## TASK TO COMPLETE
Type the data below again exactly. Omit all pictures.

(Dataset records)
━━━

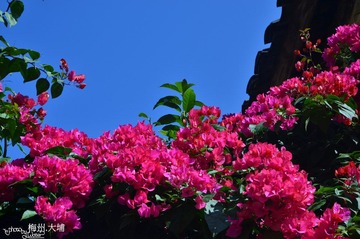 DSC_4588.JPG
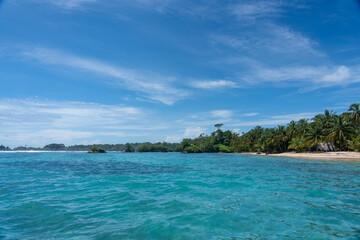 Clear Blue Water and Scenic Tropical Beach Surrounded by Palm Trees and Lush Nature - A Serene Island Paradise Offering Eco-Tourism and Adventure Travel in a Remote, Unspoiled Caribbean Destination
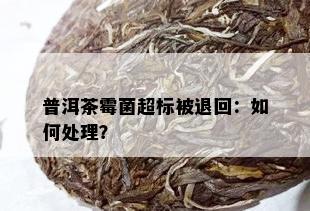 普洱茶霉菌超标被退回：如何处理？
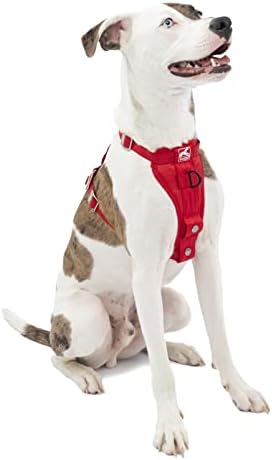 Kurgo Enhanced Strength Tru-Fit Dog Car Harness - Crash Tested for Safety - Broad Chest Plate - All Steel Nested Buckles - Includes Seatbelt Tether - Red - Medium by Kurgo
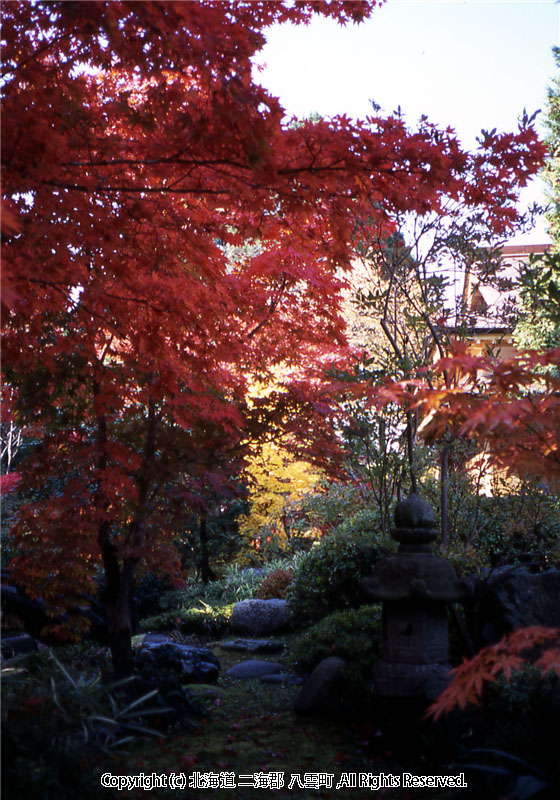 H15.10.23 梅村庭園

━━━

## ANSWER TO THE PROBLEM
 DSC_4588.JPG
 Clear Blue Water and Scenic Tropical Beach Surrounded by Palm Trees and Lush Nature - A Serene Island Paradise Offering Eco-Tourism and Adventure Travel in a Remote, Unspoiled Caribbean Destination
 普洱茶霉菌超标被退回：如何处理？
 Kurgo Enhanced Strength Tru-Fit Dog Car Harness - Crash Tested for Safety - Broad Chest Plate - All Steel Nested Buckles - Includes Seatbelt Tether - Red - Medium by Kurgo
 H15.10.23 梅村庭園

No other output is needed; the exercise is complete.